An itch is a sensation that causes the desire or reflex to scratch. Researchers have long tried to characterize itch, but in its typical annoying fashion, the sensation resisted any such attempts. For a very long time, the itch has been thought of as a low-level form of pain, but now, a new study conducted on mice suggests that it is indeed a distinct sensation, with a dedicated neural circuit linking cells in the periphery of the body to the brain.
Neuroscientists Mark Hoon and Santosh Mishra of the National Institute of Dental and Craniofacial Research in Bethesda, Maryland, tried to find the exact molecule which triggers the sensation of itch by screening genes in sensory neurons that are activated by touch, heat, pain and itch. They found that one particular protein, called natriuretic polypeptide b, or Nppb, was expressed in only a subset of these neurons.
Mutant mice lacking this this protein, did not respond to itch-inducing compound – but interestingly enough, they didn’t respond to heat and pain. But what’s even more interesting is that when Nppb was injected into the mice, it send them into a scratching frenzy.
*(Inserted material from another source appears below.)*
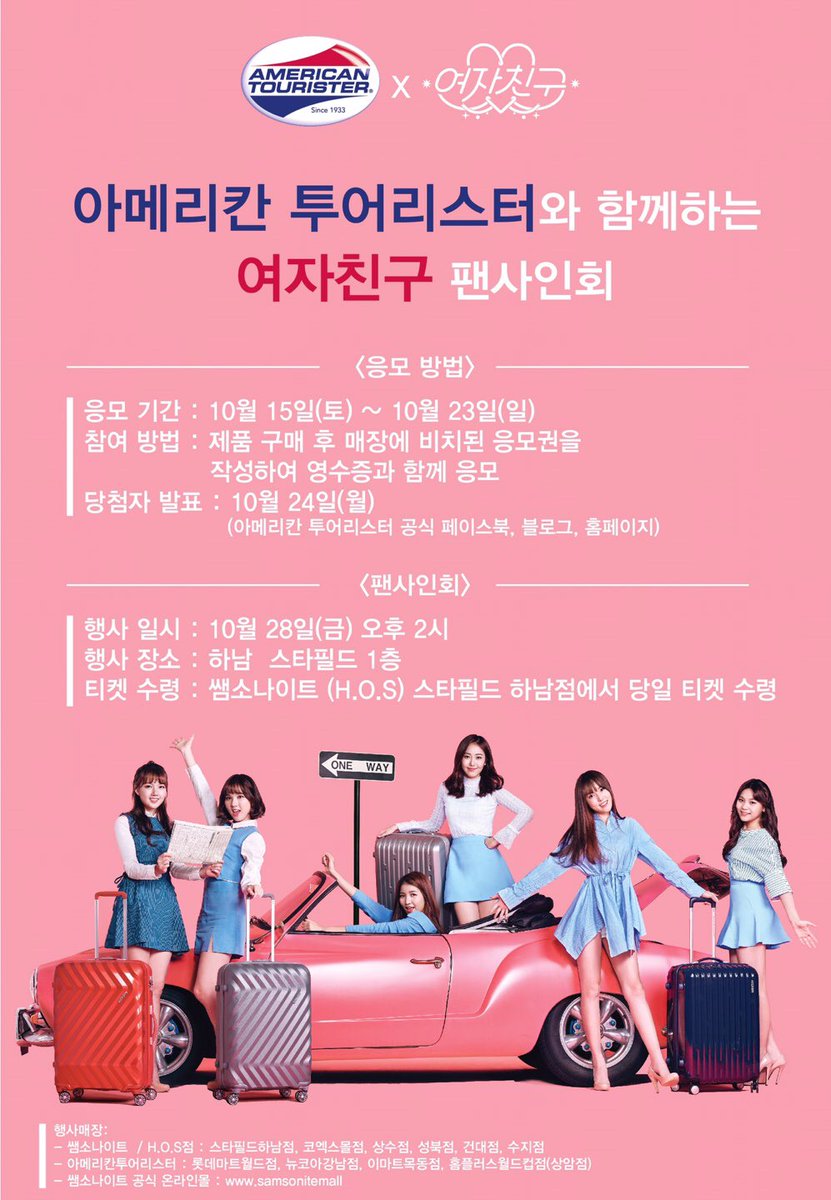 GFRDofficials's tweet photo. #여자친구 #GFRIEND #아메리칸투어리스터 #americantourister 와 함께하는 여자친구 팬사인회! 👉https://t.co/rLfL394c3x https://t.co/ECnC63vBZi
This occurred both in the mutants and in control mice.
“Our research reveals the primary transmitter used by itch sensory neurons and confirms that itch is detected by specialized sensory neurons,” says Hoon.
According to Glenn Giesler, a neuroscientist at the University of Minnesota in Minneapolis, the result “explains problems in the literature and provides a very testable hypothesis for how itch works”.
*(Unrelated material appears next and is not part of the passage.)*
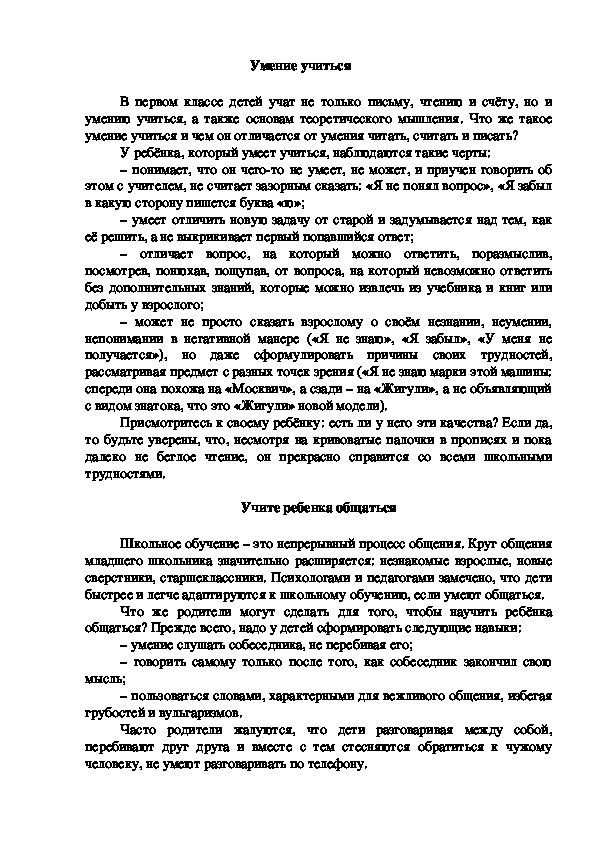 Обложка для материала Консультация для родителей -  Умение учиться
Previous research suggested that gastrin-releasing peptide, or GRP, was the neurotransmitter behind itches, but as Hoon and Misha showed (almost beyond the shadow of a doubt) is that GRP is not the primary trigger, but is still involved in the process, and injecting GRP into mice lacking either Nppb or its receptor did produce strong scratching responses.
Furthermore, mice in which GRP receptors were inhibited did not engage in scratching behaviour, even with spinal-cord injection of Nppb. This seems to suggest that GRP-releasing neurons are downstream of Nppb in the transmission of the itch sensation.
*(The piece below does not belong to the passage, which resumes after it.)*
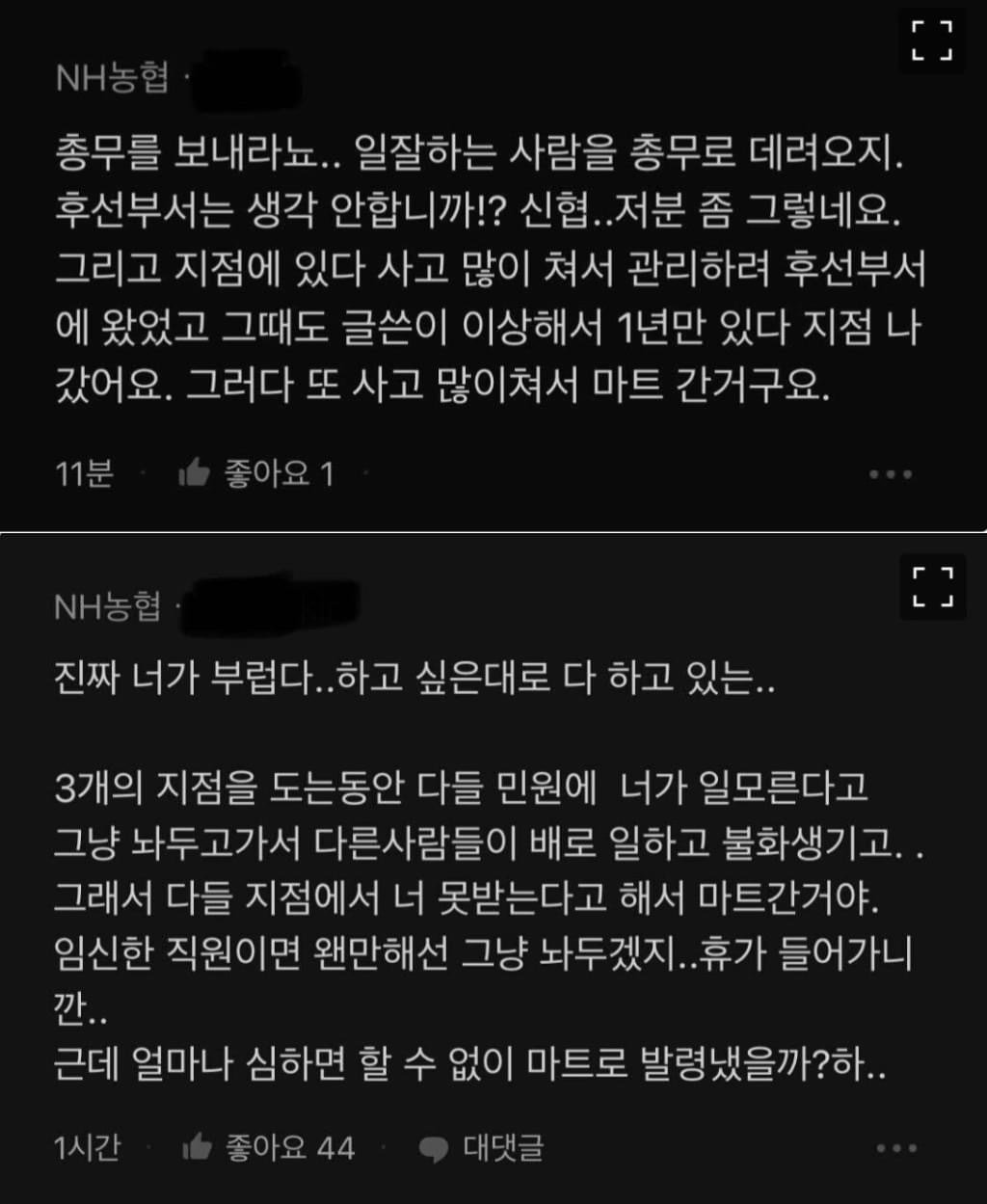 5개월차 임산부인데 은행에서 마트캐셔로 발령남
“This model fits better with what everyone else is seeing,” says Sarah Ross, a neuroscientist at the University of Pittsburgh in Pennsylvania.
The neural pathways are similar, though not identical, to those in mice. It remains to be seen if Nppb plays the same role in humans, or if there is something different involved.
“Antihistamines work for a few forms of itch, but for the vast majority they do nothing,” he says. “This research introduces a brand new target for clinical treatment.”